The Cape Peninsula
One of our favorite days out of Cape Town heads south down the narrow finger of land that trails off the bottom of Africa, the Cape Peninsula. It is a full day of pure scenery, and the drive itself is half the pleasure. You leave the city behind and trace the coast through the seaside villages of the Atlantic, where the mountains drop straight to the sea and small harbors and white beaches come and go, building slowly toward the wild headland at the very tip.
The high point of the drive is Chapman's Peak Drive, a road carved into the cliff face above the ocean that twists and turns for nine breathtaking kilometers, the water far below on one side and the rock rising sheer on the other. Beyond it the land opens into the Cape of Good Hope nature reserve, a windswept world of fynbos and rocky headlands where you can walk out to Cape Point and stand on the cliffs above the meeting of two great oceans, the old lighthouse on the ridge and the surf breaking white on the rocks below.

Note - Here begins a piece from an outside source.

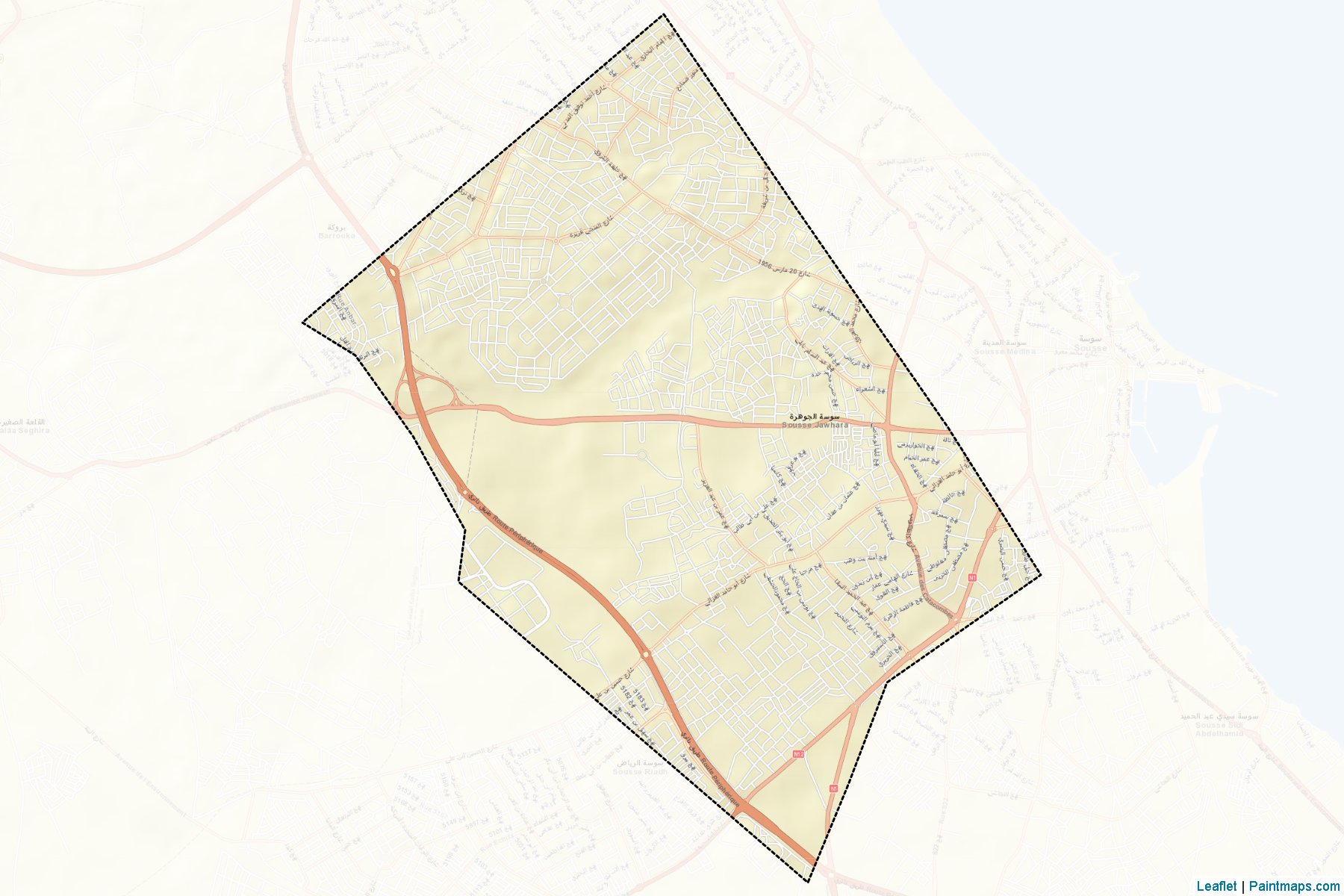 Sousse Jouhara (Susa ili) Haritası Örnekleri-2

On the way back up the warmer False Bay side you stop at Boulders Beach, where a colony of African penguins has made its home among the granite boulders and white sand. A raised boardwalk lets you walk right out among them as they waddle along the beach and nest in the dunes, an unlikely and wonderful sight so close to a big city. We build the day so the drive flows, the timing works, and you reach the penguins and the Point with room to linger rather than rush.